PE exit activity across the APAC region has “remained notably resilient despite the global liquidity squeeze that has weighed on private markets over the past two years.”
The report from PitchBook added that through the first 3 quarters of 2025, the region recorded “$106 billion in exit value, surpassing the $97.2 billion achieved during the same period in 2024 and putting fullyear activity on track to exceed last year’s total.”
That resilience reflects stronger underlying market fundamentals and improving macro sentiment “as investors grow more confident in regional stability.”
The PitchBook report also stated that broader market sentiment has improved heading into 2026 as early-2025 concerns “over tariffs and trade fragmentation have faded.”
Late-2025 diplomatic breakthroughs, particularly President Donald Trump’s visits to Asia for the ASEAN Summit and his “meeting with Chinese President Xi Jinping in South Korea signaled a thaw in trade tensions.”
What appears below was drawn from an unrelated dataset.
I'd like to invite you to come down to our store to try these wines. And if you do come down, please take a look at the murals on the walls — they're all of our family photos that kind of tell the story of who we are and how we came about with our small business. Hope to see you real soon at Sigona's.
The resulting US-Korea investment accord and US-China framework deal rolling back select tariffs, alongside an upgraded ASEAN-China freetrade agreement, have “eased policy uncertainty and improved cross-border visibility for corporates and investors.”
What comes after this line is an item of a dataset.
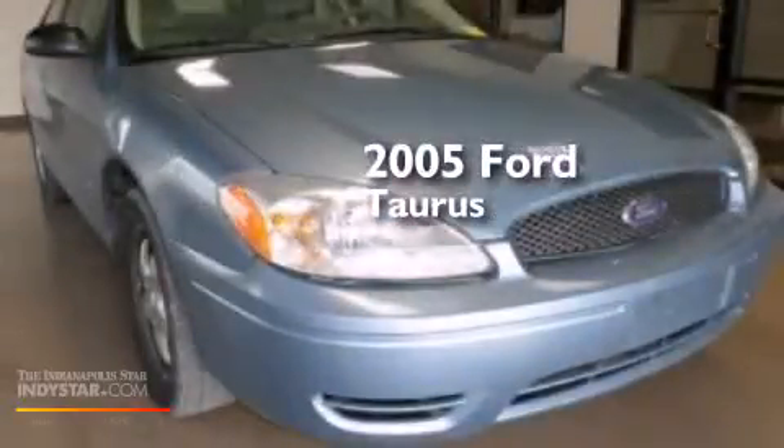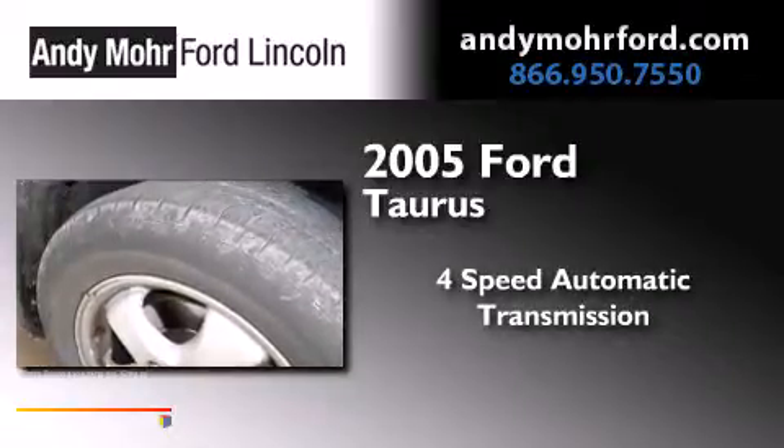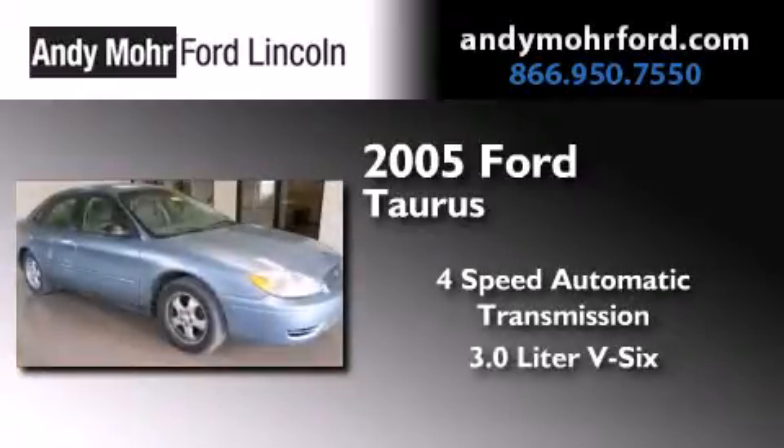This is a 2005 Ford Taurus. This four-door sedan has a four-speed automatic transmission and a 3.0-liter V6.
These shifts should help revive confidence “in crossborder M&A and exit activity across APAC in 2026.”
However, the pace and composition of recovery will “differ sharply by market and exit type, reflecting each economy’s structural depth and capital-market maturity.”
- India and Japan are likely to remain the region’s primary exit engines. India’s active domestic IPO market and strong local institutional liquidity should continue to facilitate sizable public listings and strategic sales. In Japan, sustained corporate governance reform and ongoing divestitures are expected to keep M&A exits elevated, particularly as nondomestic buyers re-engage amid a stable yen and low financing costs.
- Greater China’s exit landscape is expected to stabilize in 2026 after several years of contraction. Exit activity will likely see a modest rebound led by Hong Kong’s reopening and renewed domestic M&A. VC- and PE-backed exits remain well below pre-2022 levels, but improving sentiment in public markets and clearer regulatory pathways are starting to restore liquidity. Hong Kong’s IPO market, in particular, is emerging as a bright spot as listing approvals grow. These structural shifts are likely to persist through 2026, reinforcing Hong Kong’s role as a politically neutral and capital-rich venue for both growth- and buyout-backed exits. Onshore, exit activity will remain concentrated in restructuring-led transactions and policy favored industrial sectors, while cross-border IPOs and nondomestic buyer participation are expected to stay limited.
- Australia’s exit environment is expected to strengthen modestly in 2026. This trend will be supported by improving valuation alignment, a steadier macro backdrop, and policy tailwinds for public listings. Regulatory reforms introduced by the Australian Securities & Investments Commission in mid-2025 have shortened approval timelines and reduced execution risk for IPO hopefuls, helping to revive confidence in equity markets after a prolonged slump. A few large, well-priced IPOs in 2025, such as that of Virgin Australia Holdings, have demonstrated that the market is open again for high-quality issuers, with a growing pipeline of sponsor-backed and resources linked companies preparing to test conditions in 2026. Beyond listings, trade sales and secondary buyouts continue to anchor realizations, as strategic buyers and middle-market sponsors take advantage of more stable financing conditions.